Stream: wasmtime

Topic: wasmtime pulley and opcode info/dwarf


view this post on Zulip Alexander Ivanov (Apr 10 2025 at 16:14):

Hey! we're researching for wasm interpreters which are easy to patch as part of our recording/debugging tools. Wasmtime has a permissive Apache2 License, and the pulley intrerpreter: many interpreters don't really propagate info about the original wasm binary offsets of the instructions to their internal IR/interpreter loops;
this is a problem for us, as we want to match them with their DWARF info: does pulley propagate/preserve this?

view this post on Zulip bjorn3 (Apr 10 2025 at 16:29):

Yes, it does, but the information is only useful for traps and debuginfo.
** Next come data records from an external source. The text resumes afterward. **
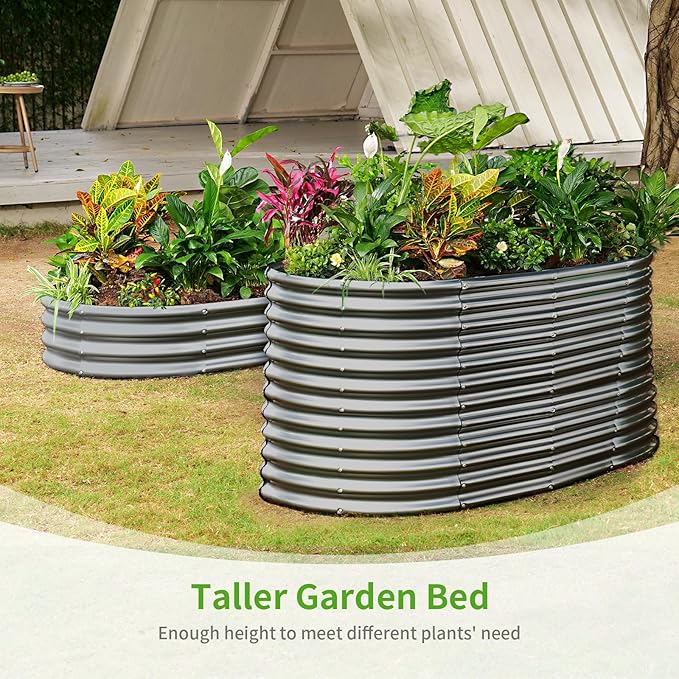 Land Guard 6x3x3ft Oval Galvanized Raised Garden Beds, Large-Capacity Metal Planter Box Outdoor, Durable Deep Raised Garden Bed 3ft Tall, Raised Beds for Gardening Vegetables, Modern Gray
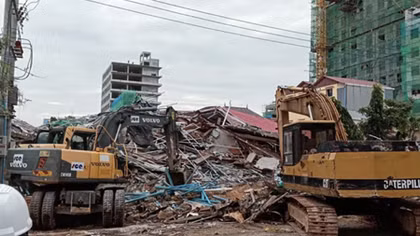 Seven dead, dozens trapped in Cambodia building collapse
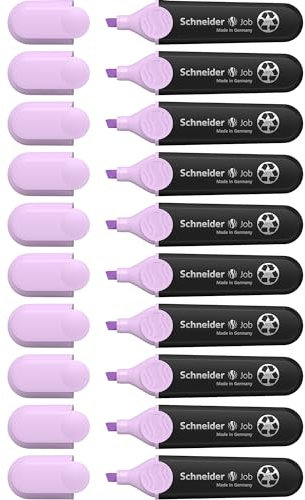 Schneider Job 150 - Rotuladores fluorescentes con punta biselada, grosor de trazo 1+5 mm, 10 unidades, color lila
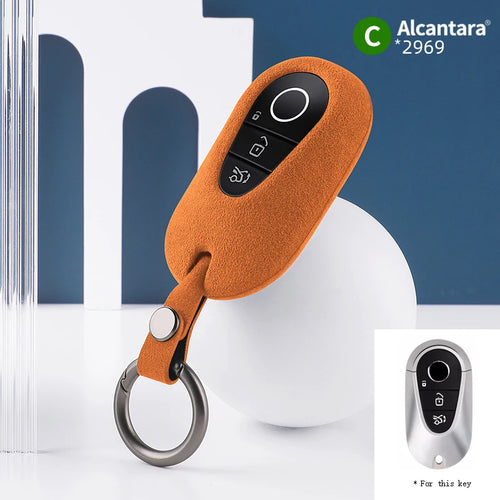 Alcantara Car Key Case Cover Holder Key Shell Buckle For 2023 Mercedes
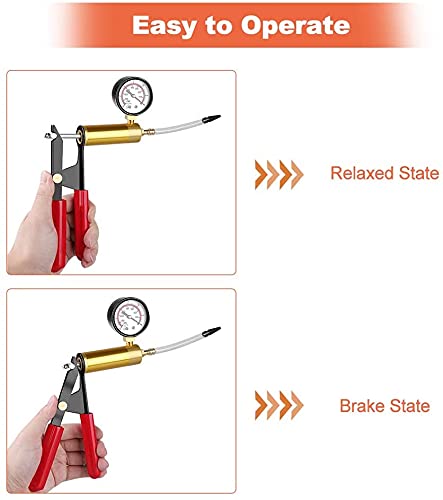 GOTOTOP Hand Held Vacuum Pump Tester Kit,Vacuum Pump Tester Brake Bleeder Set,Vacuum Pressure Pump Tester Tool Brake Fluid Bleeder Bleeding Kit for Car Motorbike Moped Motor Bike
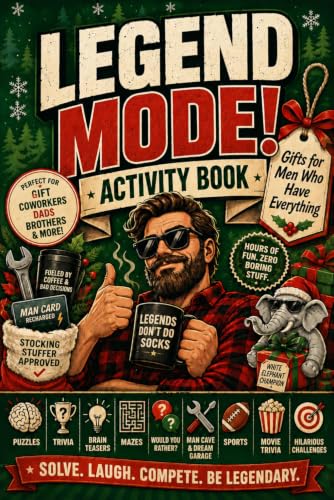 Gifts for Men Who Have Everything: Legend Mode! Cave Challenges, Funny Puzzles, Trivia, Brain Teasers, Mazes and much more | Stocking Stuffers for Adults and Coworker Gag Ideas for Christmas image 2
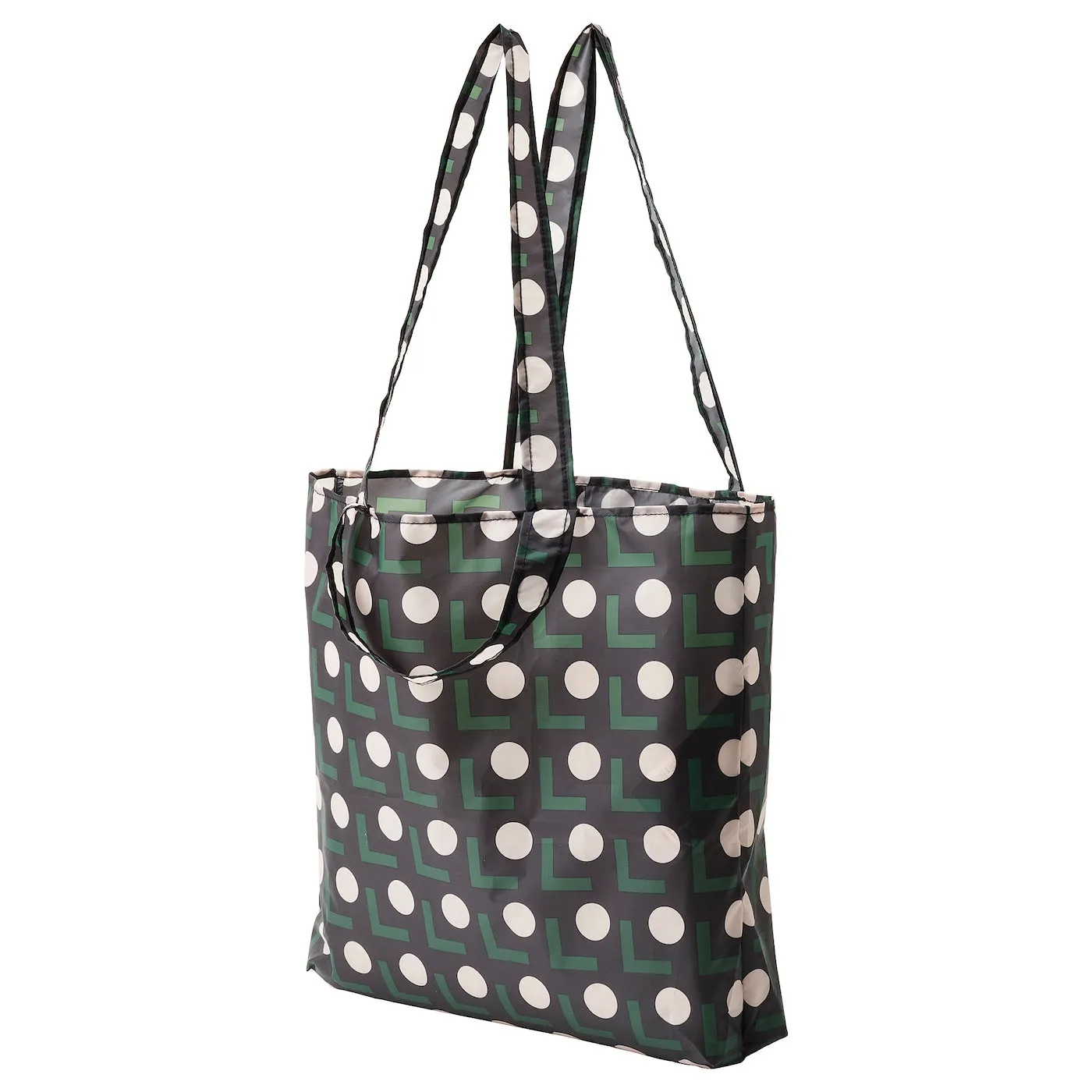 SKYNKE Carrier bag, black/beige dot pattern, 45x36 cm, 60534293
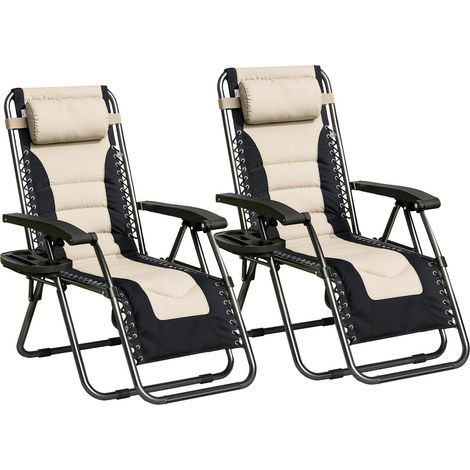 Set of 2 Zero Gravity Heavy Duty Outdoor Garden Reclining Chairs with Padded Seat CREAM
Pulley internally follows basically the same compilation pipeline as when compiling for native architectures. It uses the same code to lower wasm to Cranelift IR, optimizes this using the regular Cranelift optimization passes (which can merge clif ir instructions from multiple wasm instructions together, losing information about which actual wasm instruction was executed) and only at the end compiles to Pulley bytecode rather than conventional machine code. If you only need it for debuginfo, this is obviously fine, but if you also want to manipulate execution or have a guaranteed 100% correct extraction of the full wasm-level state, this won't cut it.

view this post on Zulip fitzgen (he/him) (Apr 10 2025 at 16:30):

DWARF isn't enabled for pulley because we haven't defined a DWARF register mapping. it also isn't clear to me what value it would provide since the DWARF is usually used by the system's native tools like gdb and perf but those don't apply to pulley.

we do have address maps that we use internally to map trapping instructions to source locations:

$ wasmtime compile -D address-map=y --target pulley64 ~/scratch/foo.wat -o ~/scratch/foo.cwasm

$ wasmtime objdump --addrmap ~/scratch/foo.cwasm
wasm[0]::function[0]:
            push_frame
            ╰─╼ trap: StackOverflow
            vconst128 v0, 32768
            ╰─╼ addrmap: 0x28
            call2 x0, x0, 0x9    // target = 0x1e
            ╰─╼ addrmap: 0x3a
            pop_frame
            ╰─╼ addrmap: 0x3c
            ret

wasm[0]::function[1]:
            push_frame
            ╰─╼ trap: StackOverflow
            vwidenlow8x16_s v5, v0
            ╰─╼ addrmap: 0x41
            vwidenhigh8x16_s v6, v0
            vaddpairwisei16x8_s v0, v5, v6
            pop_frame
            ╰─╼ addrmap: 0x43
            ret

but this is really an internal implementation detail.

can you share more about your goals here? patching pulley bytecode is not something that is supported. pulley is very low level, basically the same as an actual ISA like x86 or riscv64, so patching the bytecode will very easily lead to wild unsafety. any attempt to patch it under the covers is pretty scary. additionally, the bytecode is usually mapped read-only from disk, and so any attempt to write to it will trap.

view this post on Zulip bjorn3 (Apr 10 2025 at 16:32):

DWARF isn't enabled for pulley because we haven't defined a DWARF register mapping. it also isn't clear to me what value it would provide since the DWARF is usually used by the system's native tools like gdb and perf but those don't apply to pulley.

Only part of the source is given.